BEGIN PROVIDED DATA

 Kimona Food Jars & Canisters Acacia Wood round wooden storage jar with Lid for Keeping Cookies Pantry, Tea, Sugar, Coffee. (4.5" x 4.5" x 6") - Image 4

END PROVIDED DATA
BEGIN PROVIDED DATA

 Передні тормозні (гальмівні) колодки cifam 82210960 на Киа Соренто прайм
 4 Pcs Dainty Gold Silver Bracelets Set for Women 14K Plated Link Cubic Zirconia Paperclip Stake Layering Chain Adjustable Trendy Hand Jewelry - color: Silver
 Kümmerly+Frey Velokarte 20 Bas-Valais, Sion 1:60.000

END PROVIDED DATA
BEGIN PROVIDED DATA

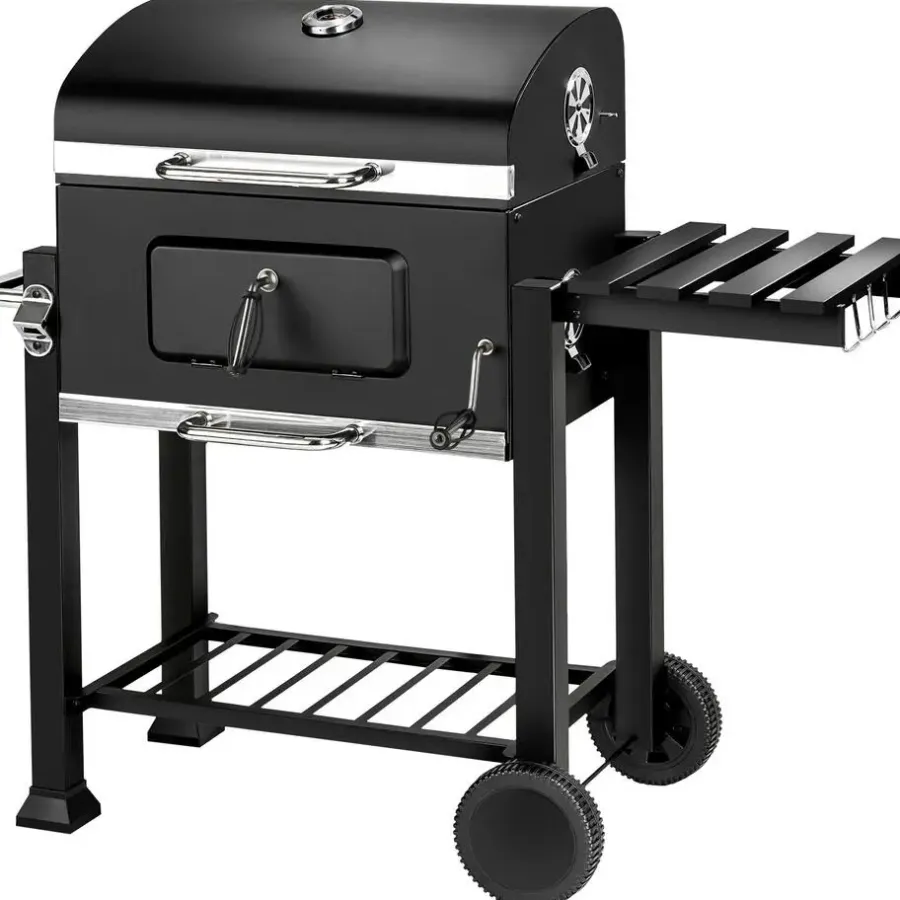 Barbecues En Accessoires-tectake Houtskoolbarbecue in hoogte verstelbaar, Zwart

END PROVIDED DATA

* **WHAT YOU ARE ASKED TO DO**:
Among the records above, a stretch begins at the line containing "4 Pcs Dainty" and ends at the line containing "Kümmerly+Frey Velokarte 20". Restate that stretch word for word, and nothing else.

* **OUTPUT OF THE EXERCISE**:
 4 Pcs Dainty Gold Silver Bracelets Set for Women 14K Plated Link Cubic Zirconia Paperclip Stake Layering Chain Adjustable Trendy Hand Jewelry - color: Silver
 Kümmerly+Frey Velokarte 20 Bas-Valais, Sion 1:60.000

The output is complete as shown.